== Requirement ==
For the material below, the expected output is exactly the lines between the line holding "Matariki New Zealand" and the line holding "Gilded Peacock Tide on a Crop Top", inclusive, with pictures left out.
** Opening Available records block **
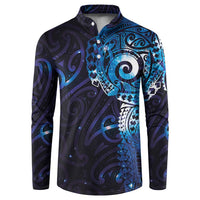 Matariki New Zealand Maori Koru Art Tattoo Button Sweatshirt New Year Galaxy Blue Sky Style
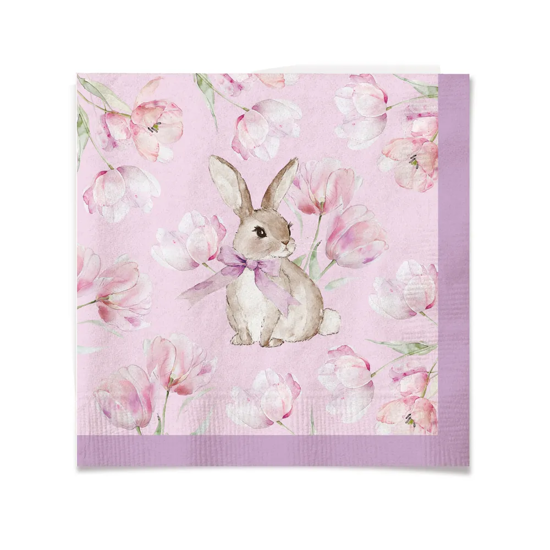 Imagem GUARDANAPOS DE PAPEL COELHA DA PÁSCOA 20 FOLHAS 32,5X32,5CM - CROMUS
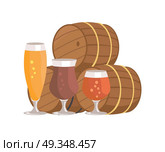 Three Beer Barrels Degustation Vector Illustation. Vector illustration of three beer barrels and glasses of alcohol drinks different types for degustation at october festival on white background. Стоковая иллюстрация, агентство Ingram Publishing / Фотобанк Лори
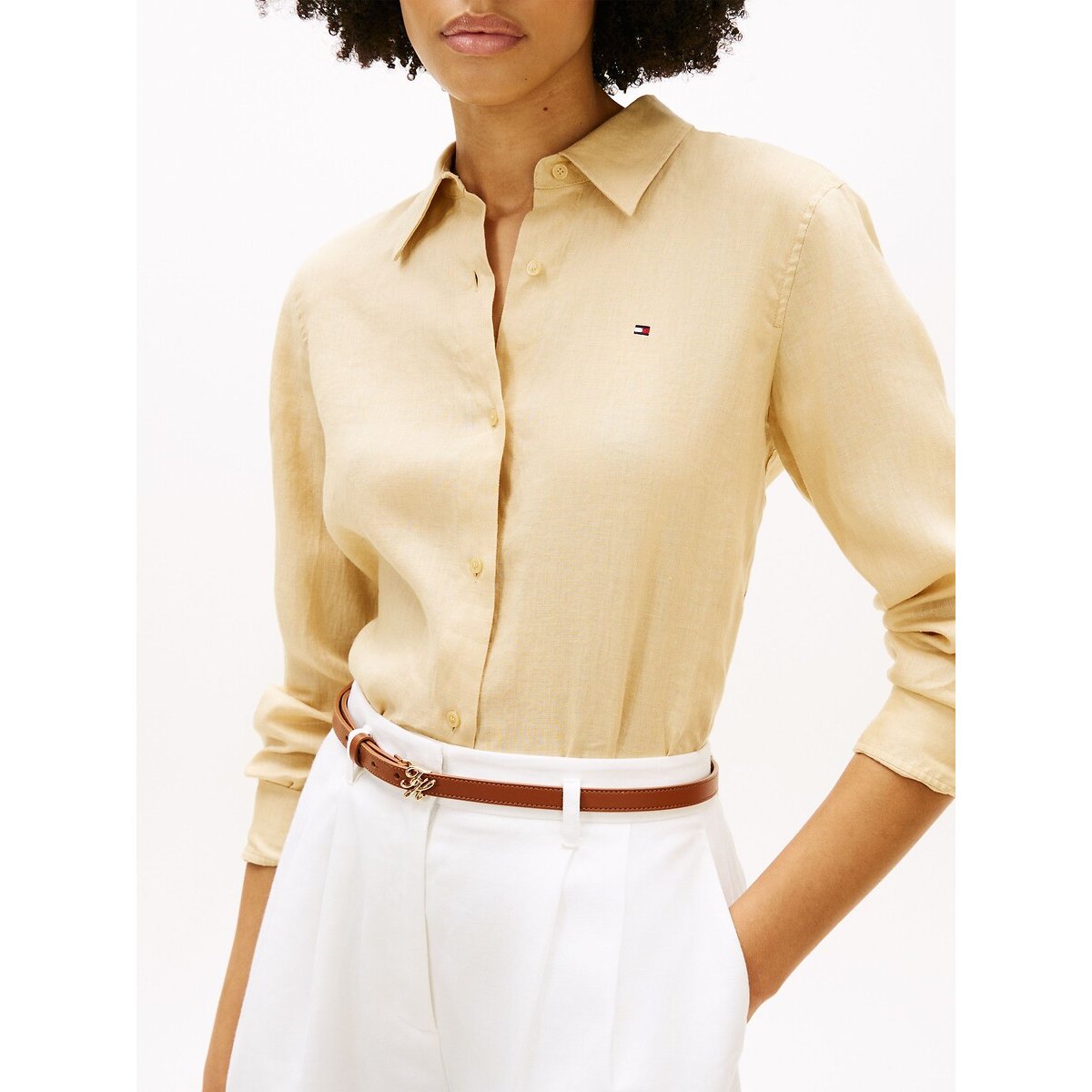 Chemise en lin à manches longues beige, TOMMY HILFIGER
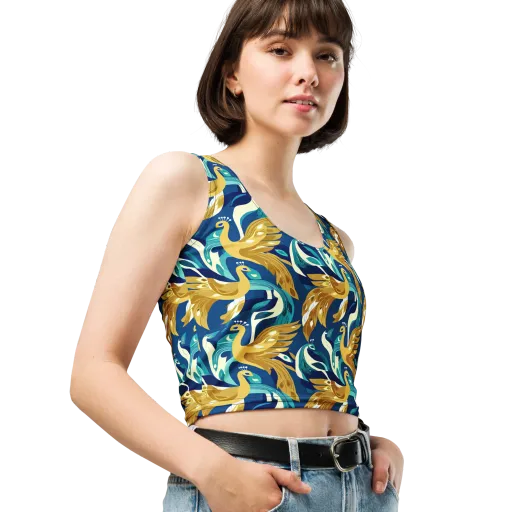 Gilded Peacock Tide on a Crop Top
** Closing Available records block **
** Opening Available records block **
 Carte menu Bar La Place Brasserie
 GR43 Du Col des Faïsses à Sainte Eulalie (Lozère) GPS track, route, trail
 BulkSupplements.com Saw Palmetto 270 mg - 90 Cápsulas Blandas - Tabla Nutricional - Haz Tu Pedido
** Closing Available records block **
== Answer section ==
 Matariki New Zealand Maori Koru Art Tattoo Button Sweatshirt New Year Galaxy Blue Sky Style
 Imagem GUARDANAPOS DE PAPEL COELHA DA PÁSCOA 20 FOLHAS 32,5X32,5CM - CROMUS
 Three Beer Barrels Degustation Vector Illustation. Vector illustration of three beer barrels and glasses of alcohol drinks different types for degustation at october festival on white background. Стоковая иллюстрация, агентство Ingram Publishing / Фотобанк Лори
 Chemise en lin à manches longues beige, TOMMY HILFIGER
 Gilded Peacock Tide on a Crop Top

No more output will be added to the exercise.